PS: mein Problem mit close und getPortIdentifiers ist aber trotzdem nicht gelöst.


----------



## peter1235 (16. Aug 2007)

Danke für Deine Hilfe boesi. Das bringt mich schon mal weiter.



			
				boesi hat gesagt.:
			
		

> PS: mein Problem mit close und getPortIdentifiers ist aber trotzdem nicht gelöst.



Bei mir beendet sich das Programm bisher ganz regulär und der port wird also relativ schnell geschlossen. Daher kann ich Dir wohl auch nicht weiterhelfen bei diesem konkreten Problem.

cu


----------



## boesi (17. Aug 2007)

peter1235 hat gesagt.:
			
		

> Bei mir beendet sich das Programm bisher ganz regulär und der port wird also relativ schnell geschlossen.
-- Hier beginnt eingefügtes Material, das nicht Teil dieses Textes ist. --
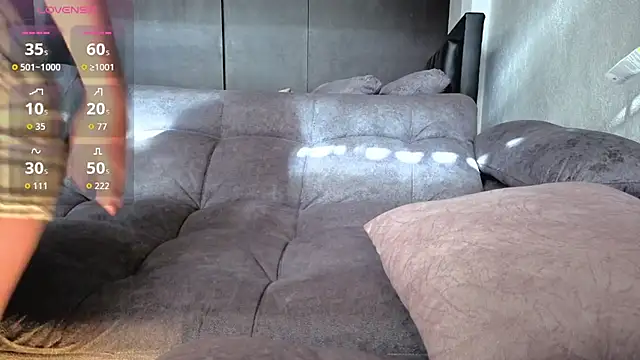 AnyElish online show from December 13, 8:47 pm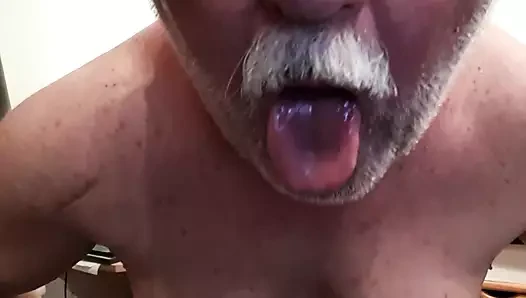 Meine Loecher, meine Titten und mein Pimmelchen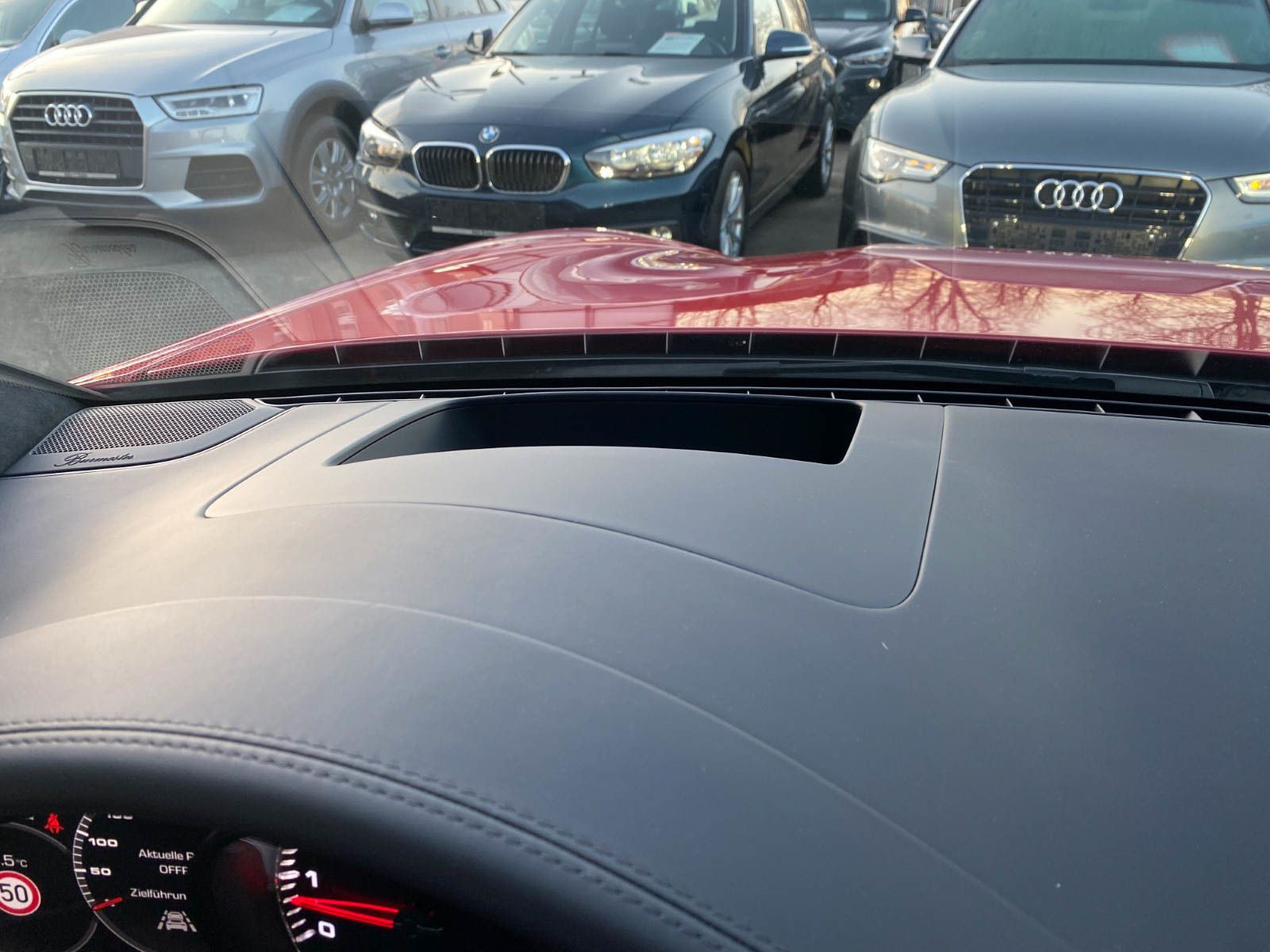 Fahrzeugabbildung Porsche Panamera SportTurismo GTS 4.0 NIGHT VISION ANHZV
Daher kann ich Dir wohl auch nicht weiterhelfen bei diesem konkreten Problem.


Das tritt bei mir auch nicht immer auf, aber zu etwa 95%. Wenn ich das Programm nicht über Eclipse starte, scheint das Problem nicht ganz so häufig aufzutreten, ist aber trotzdem vorhanden.
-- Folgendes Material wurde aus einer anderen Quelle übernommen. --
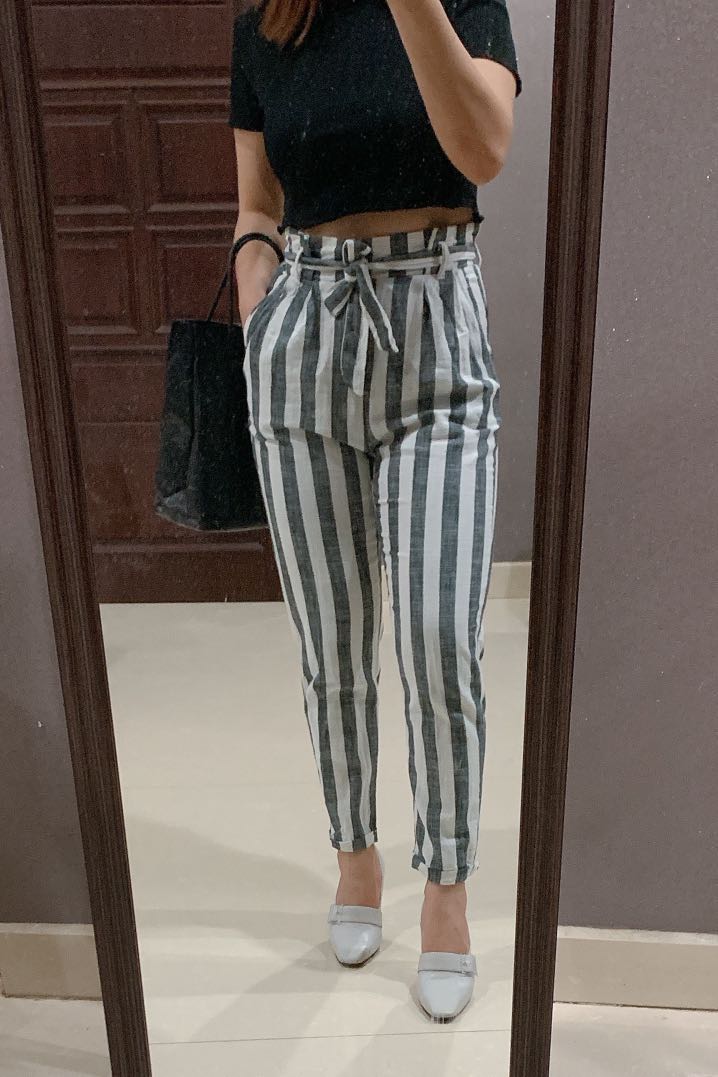 PRELOVED Bershka Pantalon Paperbag a rayures Fesyen Wanita Pakaian Wanita Bawahan di Carousell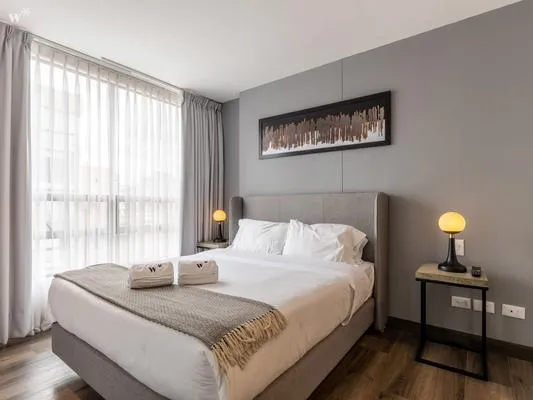 Stylish 2BR in Luxury Building in Chico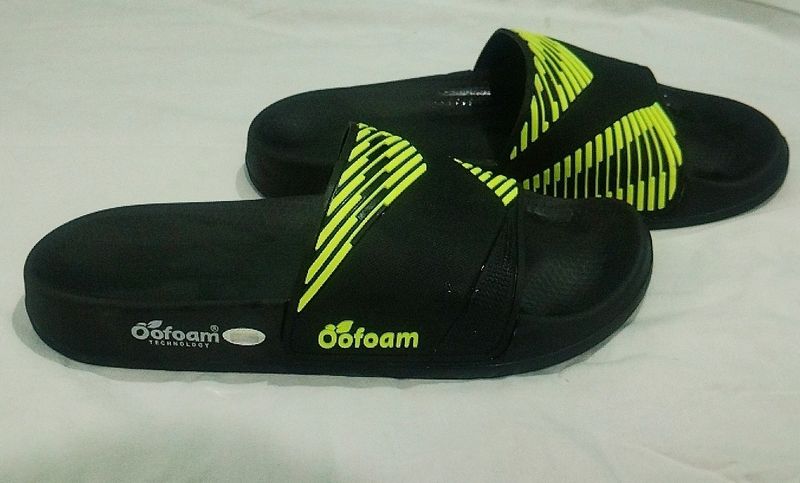 Oofoam Flip Flops Slippers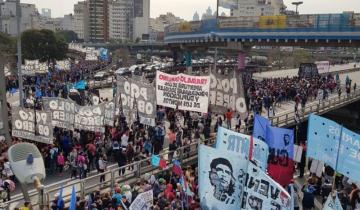 Imagen de Se cayó un manifestante desde cinco metros de altura desde la Autopista 9 de Julio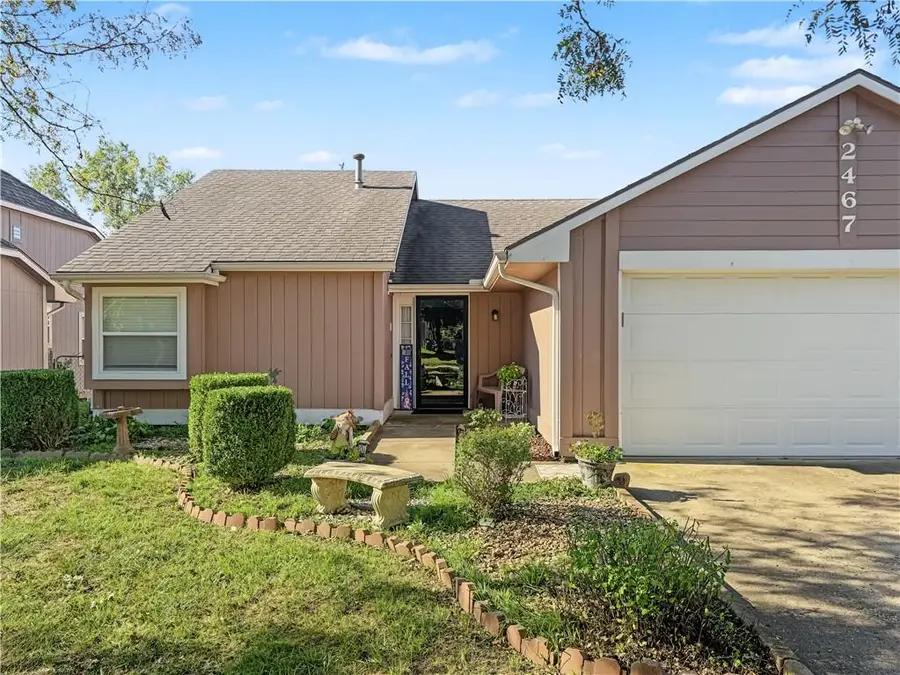 2467 Brookside Drive, Lawrence, KS 66047 - #2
Interessanterweise ist die Wartezeit immer ein Vielfaches von 20s - die Zeiten 20, 200, 220, 40s sind mir bisher mit abnehmender Häufigkeit begegnet.

Etwas merkwürdig ist auch, dass ich das Programm abschiessen kann und der Port dann nicht blockiert ist - das kenn ich von frühern Projekten (kein Java) eigentlich anders.


cu boesi


----------



## peter1235 (17. Aug 2007)

boesi hat gesagt.:
			
		

> Interessanterweise ist die Wartezeit immer ein Vielfaches von 20s - die Zeiten 20, 200, 220, 40s sind mir bisher mit abnehmender Häufigkeit begegnet.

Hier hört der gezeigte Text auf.